The PEOPLE of the State of New York, Respondent, v. Robert JONES, Appellant.
Appeals (1) from a judgment of the Supreme Court (Teresi, J.), rendered May 23, 2002 in Albany County, upon a verdict convicting defendant of the crime of criminal possession of a weapon in the third degree, and (2) by permission, from an order of said court, entered January 9, 2003 in Albany County, which denied defendant's motion pursuant to CPL 440.10 to vacate the judgment of conviction, without a hearing.
On October 9, 2001 in the City of Albany, police officer Brad Connors observed a truck turn onto Knox Street without using a turn signal. As a consequence, Connors pulled the vehicle over and requested identification from the female driver.
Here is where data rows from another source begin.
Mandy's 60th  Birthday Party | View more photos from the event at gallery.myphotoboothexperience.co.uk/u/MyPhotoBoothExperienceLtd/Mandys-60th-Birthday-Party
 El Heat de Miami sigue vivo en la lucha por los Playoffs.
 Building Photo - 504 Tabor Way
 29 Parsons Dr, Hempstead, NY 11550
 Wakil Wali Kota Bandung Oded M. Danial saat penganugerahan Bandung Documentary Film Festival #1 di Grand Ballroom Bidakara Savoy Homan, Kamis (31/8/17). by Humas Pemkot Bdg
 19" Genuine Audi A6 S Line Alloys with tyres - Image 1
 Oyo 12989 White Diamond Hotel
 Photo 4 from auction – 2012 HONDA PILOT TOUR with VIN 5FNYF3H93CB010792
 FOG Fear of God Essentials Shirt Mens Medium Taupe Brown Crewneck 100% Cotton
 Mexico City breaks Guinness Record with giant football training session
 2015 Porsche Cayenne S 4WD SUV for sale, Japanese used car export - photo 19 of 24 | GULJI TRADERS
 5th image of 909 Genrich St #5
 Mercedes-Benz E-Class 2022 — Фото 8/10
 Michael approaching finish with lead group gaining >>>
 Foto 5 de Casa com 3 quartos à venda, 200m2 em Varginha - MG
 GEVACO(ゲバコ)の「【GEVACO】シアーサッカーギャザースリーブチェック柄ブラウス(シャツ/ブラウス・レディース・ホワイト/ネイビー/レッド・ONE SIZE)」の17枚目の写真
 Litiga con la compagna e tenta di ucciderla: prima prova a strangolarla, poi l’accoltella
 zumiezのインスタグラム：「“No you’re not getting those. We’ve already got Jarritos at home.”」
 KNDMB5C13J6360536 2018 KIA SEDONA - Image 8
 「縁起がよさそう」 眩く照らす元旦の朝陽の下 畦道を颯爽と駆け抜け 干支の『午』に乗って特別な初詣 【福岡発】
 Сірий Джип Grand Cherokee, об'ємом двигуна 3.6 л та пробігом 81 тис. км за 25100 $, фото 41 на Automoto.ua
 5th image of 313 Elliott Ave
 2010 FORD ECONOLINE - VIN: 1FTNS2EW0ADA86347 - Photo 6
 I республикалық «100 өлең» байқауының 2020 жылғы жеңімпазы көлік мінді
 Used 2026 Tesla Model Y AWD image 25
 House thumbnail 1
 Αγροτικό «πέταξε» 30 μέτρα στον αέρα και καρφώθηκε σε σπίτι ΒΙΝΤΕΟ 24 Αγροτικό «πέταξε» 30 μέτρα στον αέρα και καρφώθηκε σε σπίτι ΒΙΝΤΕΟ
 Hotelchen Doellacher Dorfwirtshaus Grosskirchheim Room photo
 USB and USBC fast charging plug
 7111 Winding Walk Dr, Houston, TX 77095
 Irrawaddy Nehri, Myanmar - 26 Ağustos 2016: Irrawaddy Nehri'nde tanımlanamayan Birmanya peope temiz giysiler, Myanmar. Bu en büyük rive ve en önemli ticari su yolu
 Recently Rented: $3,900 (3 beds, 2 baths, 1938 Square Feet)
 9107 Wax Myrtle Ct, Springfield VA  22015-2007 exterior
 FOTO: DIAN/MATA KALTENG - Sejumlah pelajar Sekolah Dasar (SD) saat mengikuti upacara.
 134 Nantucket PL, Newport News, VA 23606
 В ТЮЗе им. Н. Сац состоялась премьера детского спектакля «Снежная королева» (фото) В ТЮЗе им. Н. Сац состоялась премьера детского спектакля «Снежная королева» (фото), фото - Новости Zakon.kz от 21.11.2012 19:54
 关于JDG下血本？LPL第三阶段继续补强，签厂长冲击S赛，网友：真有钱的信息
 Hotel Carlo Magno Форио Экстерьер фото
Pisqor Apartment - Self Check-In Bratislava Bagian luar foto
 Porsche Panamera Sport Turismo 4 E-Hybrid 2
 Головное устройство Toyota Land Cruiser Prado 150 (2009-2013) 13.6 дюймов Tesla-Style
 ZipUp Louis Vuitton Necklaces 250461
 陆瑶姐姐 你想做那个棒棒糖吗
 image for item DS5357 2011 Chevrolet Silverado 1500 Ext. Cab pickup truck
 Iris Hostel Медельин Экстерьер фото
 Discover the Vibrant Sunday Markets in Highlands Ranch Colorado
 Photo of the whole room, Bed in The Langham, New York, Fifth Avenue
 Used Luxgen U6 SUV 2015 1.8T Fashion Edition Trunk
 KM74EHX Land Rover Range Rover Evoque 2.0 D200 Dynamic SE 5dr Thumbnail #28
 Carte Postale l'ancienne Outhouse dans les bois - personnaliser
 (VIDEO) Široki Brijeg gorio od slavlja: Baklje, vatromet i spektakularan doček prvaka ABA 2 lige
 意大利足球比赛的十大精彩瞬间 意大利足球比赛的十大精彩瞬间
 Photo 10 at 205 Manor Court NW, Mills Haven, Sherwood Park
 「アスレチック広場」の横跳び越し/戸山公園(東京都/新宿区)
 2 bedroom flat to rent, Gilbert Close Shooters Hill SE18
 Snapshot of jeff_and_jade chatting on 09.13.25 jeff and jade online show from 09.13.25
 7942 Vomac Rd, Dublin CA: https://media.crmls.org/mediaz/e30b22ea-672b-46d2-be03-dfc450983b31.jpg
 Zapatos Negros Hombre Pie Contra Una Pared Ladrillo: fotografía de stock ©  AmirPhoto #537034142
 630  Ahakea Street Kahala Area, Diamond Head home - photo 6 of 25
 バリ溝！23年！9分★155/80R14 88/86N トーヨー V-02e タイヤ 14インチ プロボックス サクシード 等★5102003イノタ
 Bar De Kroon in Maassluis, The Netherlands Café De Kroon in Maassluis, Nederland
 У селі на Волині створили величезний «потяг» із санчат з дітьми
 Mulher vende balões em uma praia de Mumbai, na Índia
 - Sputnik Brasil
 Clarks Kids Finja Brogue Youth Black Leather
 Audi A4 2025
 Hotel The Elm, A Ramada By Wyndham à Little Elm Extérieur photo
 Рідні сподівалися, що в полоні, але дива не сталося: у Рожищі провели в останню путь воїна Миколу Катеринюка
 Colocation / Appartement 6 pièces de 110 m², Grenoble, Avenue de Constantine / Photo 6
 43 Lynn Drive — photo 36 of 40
When the driver was unable to provide identification and admitted that her driver's license was suspended, Connors began eliciting information from the two passengers in the vehicle, which included defendant. Following a background check, which revealed the existence of an active arrest warrant for defendant, he was placed under arrest. A search incident to that arrest disclosed a fully loaded banana clip, which was found to be compatible with a .22 caliber pistol subsequently found in the vehicle on the floorboard where defendant had been seated. As a consequence, defendant was indicted and charged with criminal possession of a weapon in the third degree. Following a jury trial, defendant was convicted as charged and sentenced to seven years' imprisonment. Defendant thereafter moved to vacate his conviction, which motion was denied without a hearing. Defendant now appeals from his conviction and the denial of his motion to vacate that conviction.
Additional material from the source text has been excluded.